The Egyptian president’s top legal adviser says the country’s election commission has begun preparations for the referendum on a highly contentious draft constitution. Mohammed Gaballah said Monday that the commission, which is composed of senior judges, began meeting a day earlier to organize the Dec. 15 referendum. Gaballah claimed that judges will oversee the vote despite a strike by the judiciary to protest a set of decrees issued by President Mohammed Morsi that place him above judicial oversight. According to Egyptian law, judges must observe the voting at polling stations.
Morsi’s decrees also gave immunity to the Islamist-led constituent assembly, which hurriedly approved the draft charter last week despite an opposition boycott.

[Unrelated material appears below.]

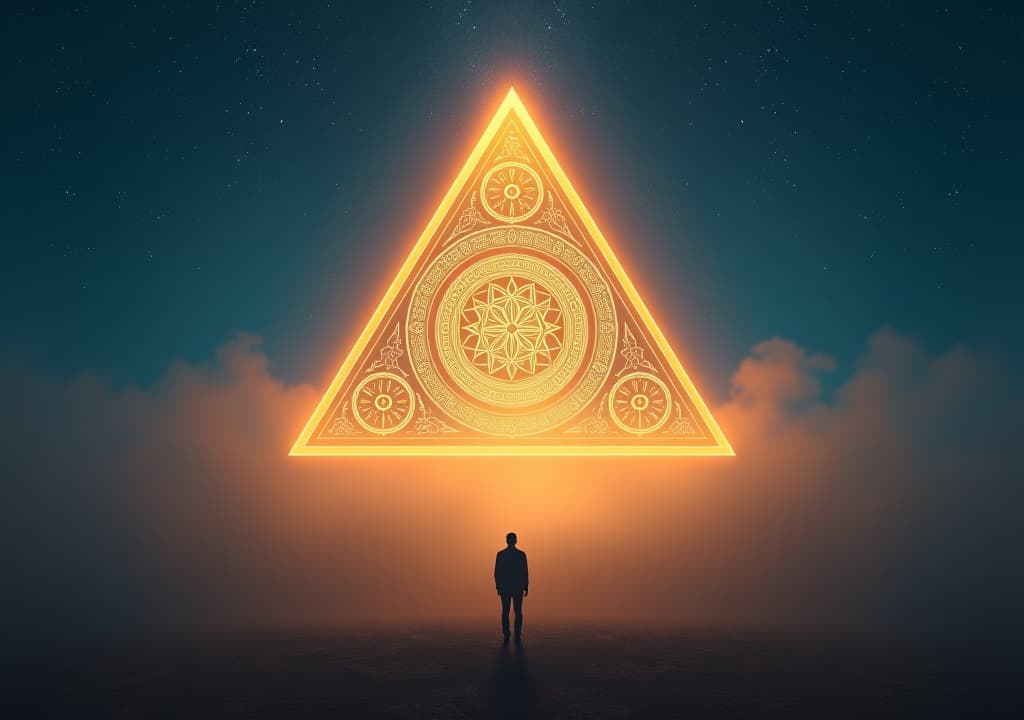  a glowing triangle composed of intricate geometric patterns floats above a serene landscape, surrounded by swirling mist and ethereal light, symbolizing ancient wisdom and mystical energy, with a starry night sky in the background. hyperrealistic, full body, detailed clothing, highly detailed, cinematic lighting, stunningly beautiful, intricate, sharp focus, f/1. 8, 85mm, (centered image composition), (professionally color graded), ((bright soft diffused light)), volumetric fog, trending on instagram, trending on tumblr, HDR 4K, 8K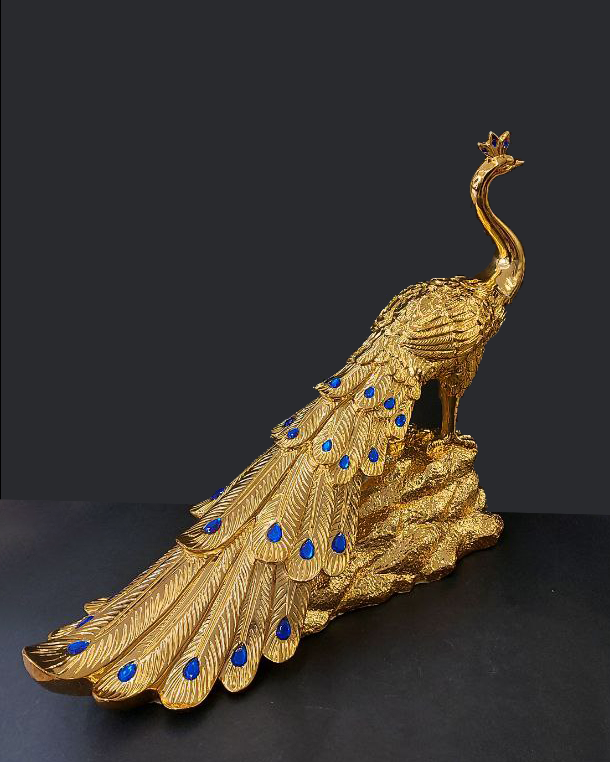 Statua pavone bianco e oro, oro o argento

The president’s decrees have split the nation, and plunged Egypt into a deepening political crisis.
Egypt’s highest court has joined a judicial rebellion against President Mohammed Morsi by declaring an open-ended strike on the day it was supposed to rule on the legitimacy of two key assemblies controlled by allies of the Islamist leader.
The strike announced Sunday by the Supreme Constitutional Court and opposition plans to march on the presidential palace on Tuesday take the country’s latest political crisis to a level not seen in the nearly two years of turmoil since Hosni Mubarak’s ouster in a popular uprising.